__Recorded information__:
◆ ◆ ◆ ◆ ◆ ◆ ◆

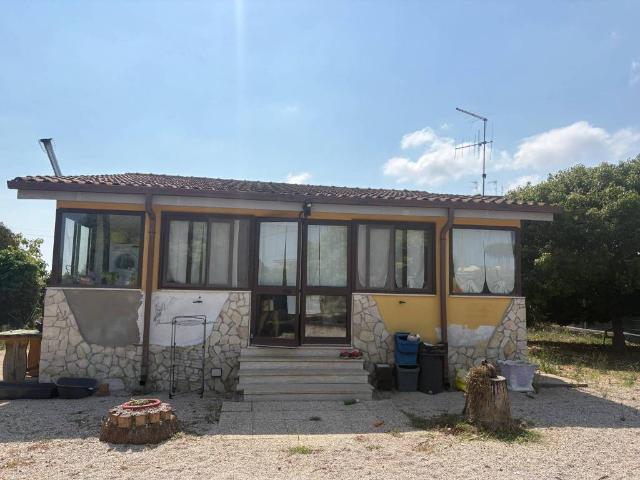 Villa in vendita a Aprilia LT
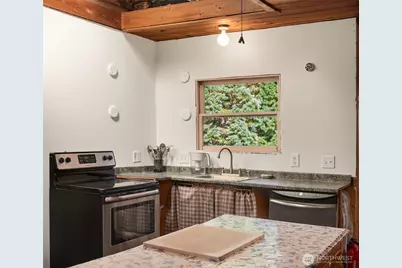 10320 SW Cove Road, Vashon, WA 98070 - Photo 4
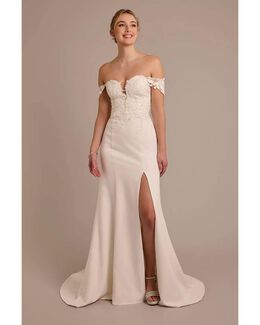 Vestido de novia con escote pronunciado
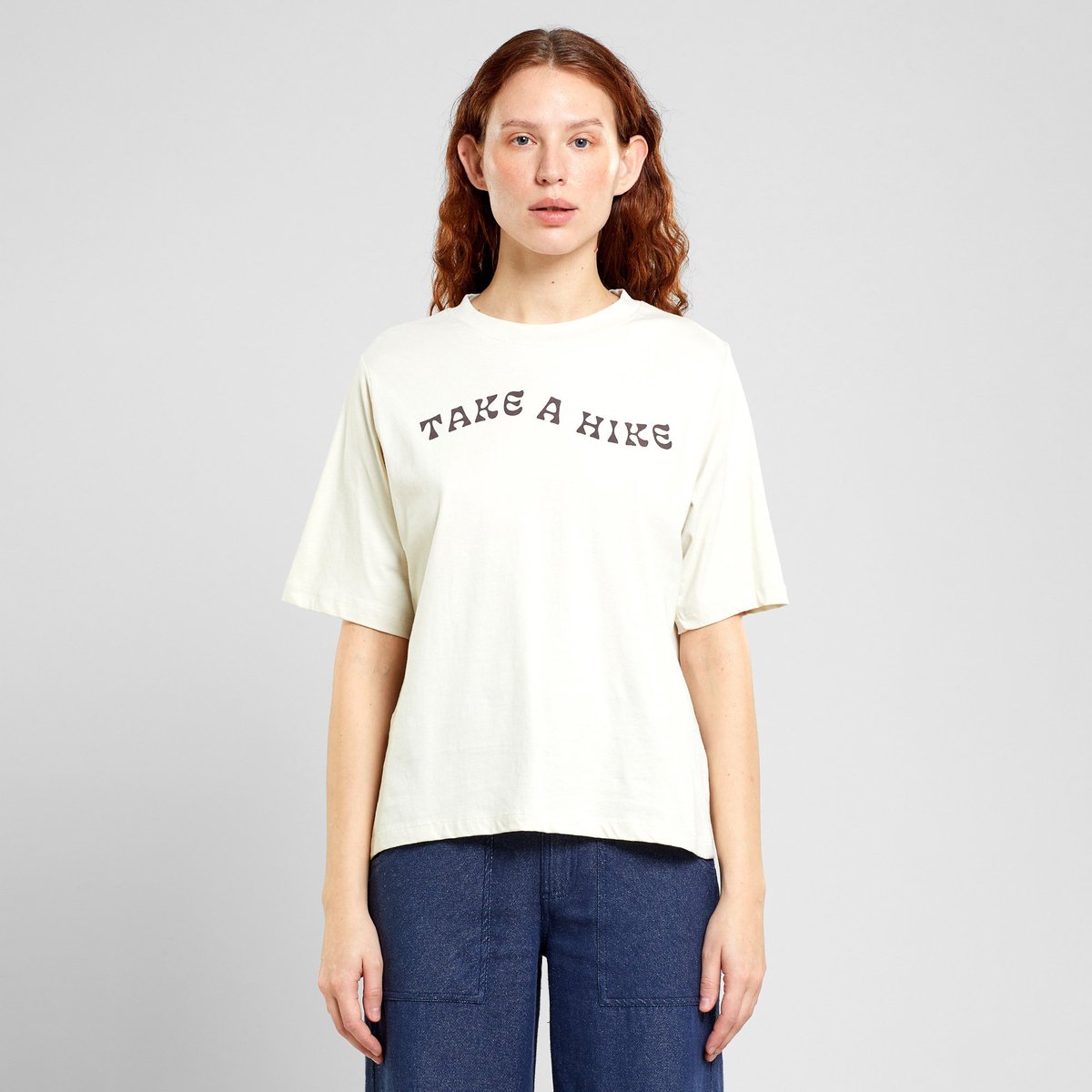 T-shirt Vadstena Take a Hike Oat White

◆ ◆ ◆ ◆ ◆ ◆ ◆

__Aim of the task__: Transcribe the listing in full. Omit the pictures and keep every line exact.

__Result for this task__:
 Villa in vendita a Aprilia LT
 10320 SW Cove Road, Vashon, WA 98070 - Photo 4
 Vestido de novia con escote pronunciado
 T-shirt Vadstena Take a Hike Oat White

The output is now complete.